Aim of the task:
An exact repetition of the data below, without images, is the expected answer.

Supplied data:

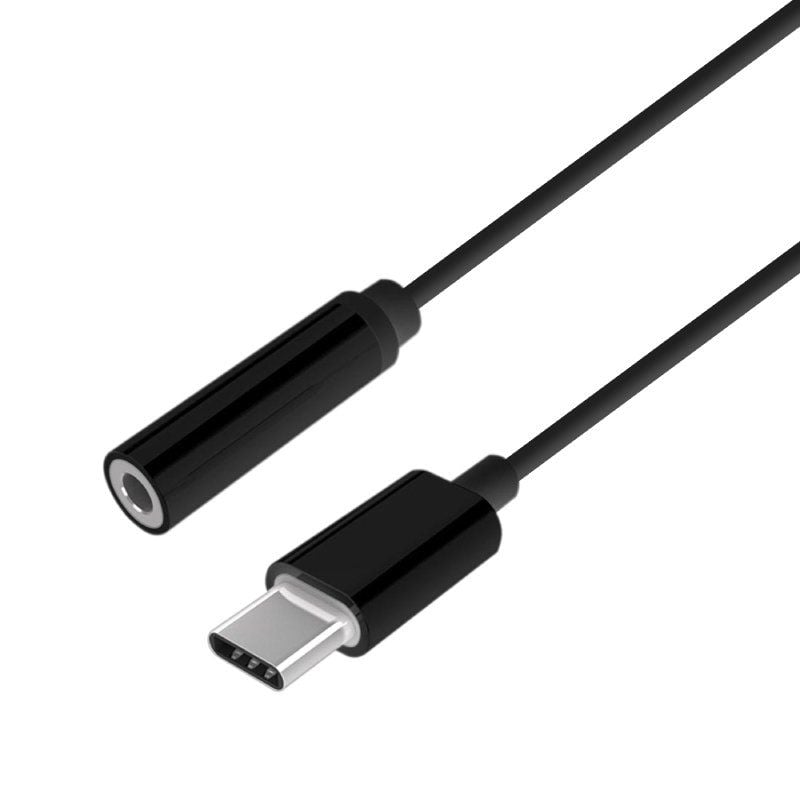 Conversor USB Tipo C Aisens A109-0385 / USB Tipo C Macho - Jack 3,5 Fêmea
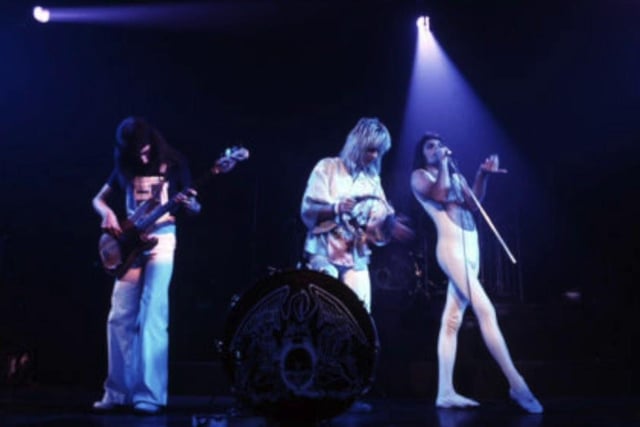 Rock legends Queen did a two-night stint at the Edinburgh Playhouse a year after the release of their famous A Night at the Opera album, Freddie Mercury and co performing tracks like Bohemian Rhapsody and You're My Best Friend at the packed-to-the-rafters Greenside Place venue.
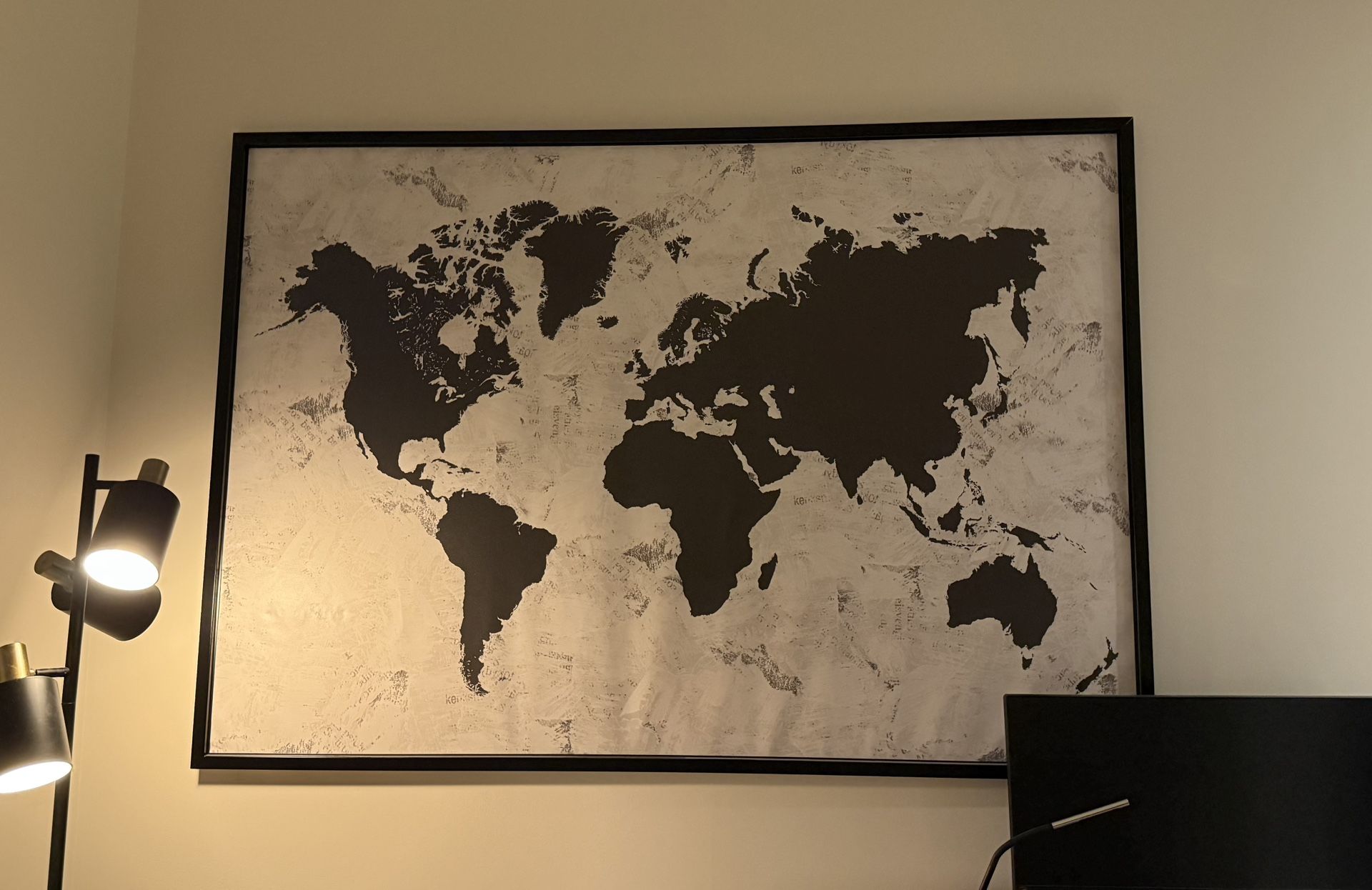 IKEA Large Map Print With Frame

Your solution:
 Conversor USB Tipo C Aisens A109-0385 / USB Tipo C Macho - Jack 3,5 Fêmea
 Rock legends Queen did a two-night stint at the Edinburgh Playhouse a year after the release of their famous A Night at the Opera album, Freddie Mercury and co performing tracks like Bohemian Rhapsody and You're My Best Friend at the packed-to-the-rafters Greenside Place venue.
 IKEA Large Map Print With Frame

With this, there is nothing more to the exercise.